▶ [INSTRUCTIONS TO FOLLOW]: In the data below, find the line containing "Danger Propane No" and the line containing "Moss, Shade, Birdsong, Time, Forest", then reproduce them and every line between, exactly. Omit pictures.

▶ [SUPPLIED RECORDS]:
---
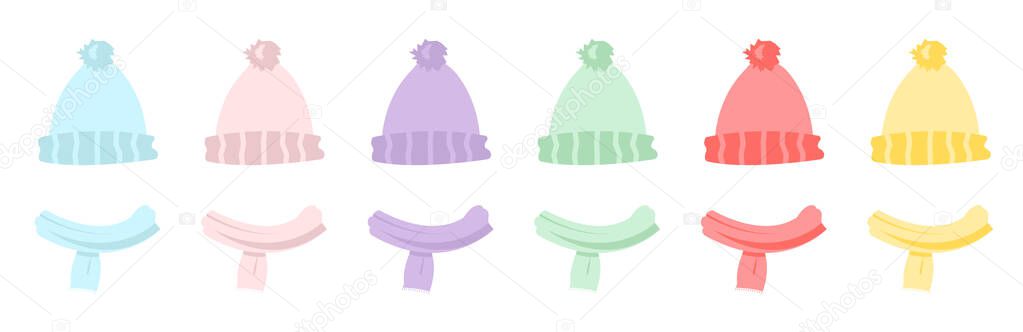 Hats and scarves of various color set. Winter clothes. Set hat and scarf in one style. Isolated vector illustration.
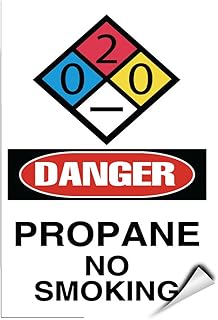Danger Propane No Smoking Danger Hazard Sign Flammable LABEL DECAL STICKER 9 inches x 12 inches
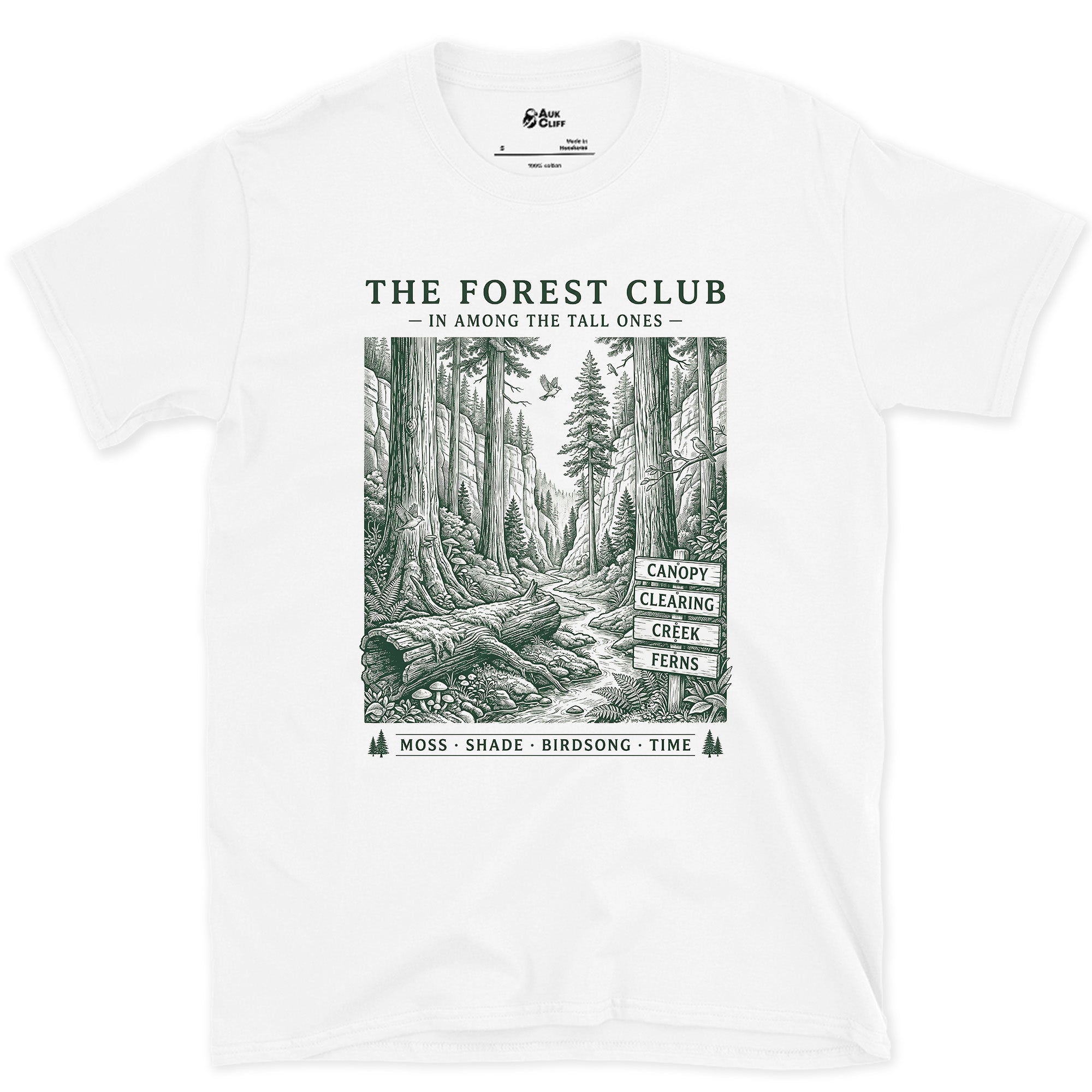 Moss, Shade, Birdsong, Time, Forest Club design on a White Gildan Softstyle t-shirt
---
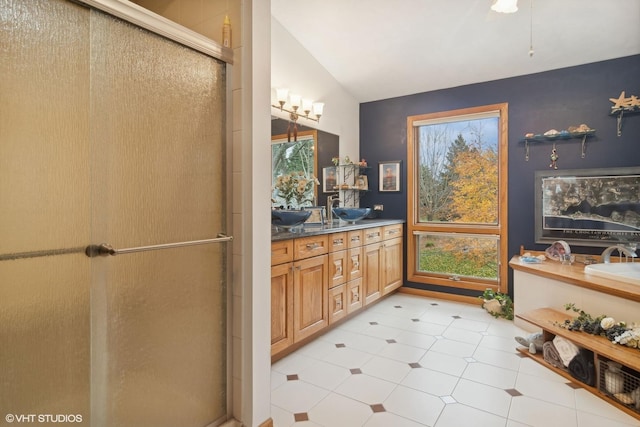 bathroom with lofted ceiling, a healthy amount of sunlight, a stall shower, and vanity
---
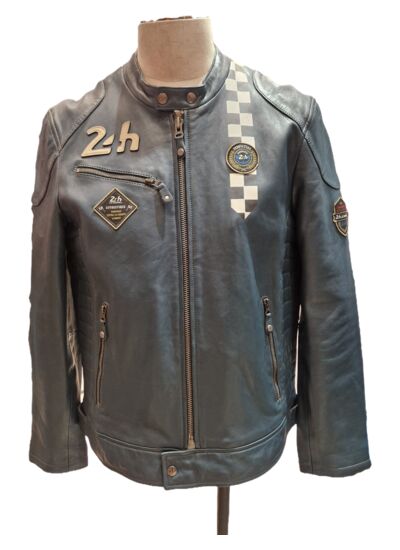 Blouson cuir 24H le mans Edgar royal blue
---
▶ [OUTPUT FOR THIS EXERCISE]:
Danger Propane No Smoking Danger Hazard Sign Flammable LABEL DECAL STICKER 9 inches x 12 inches
 Moss, Shade, Birdsong, Time, Forest Club design on a White Gildan Softstyle t-shirt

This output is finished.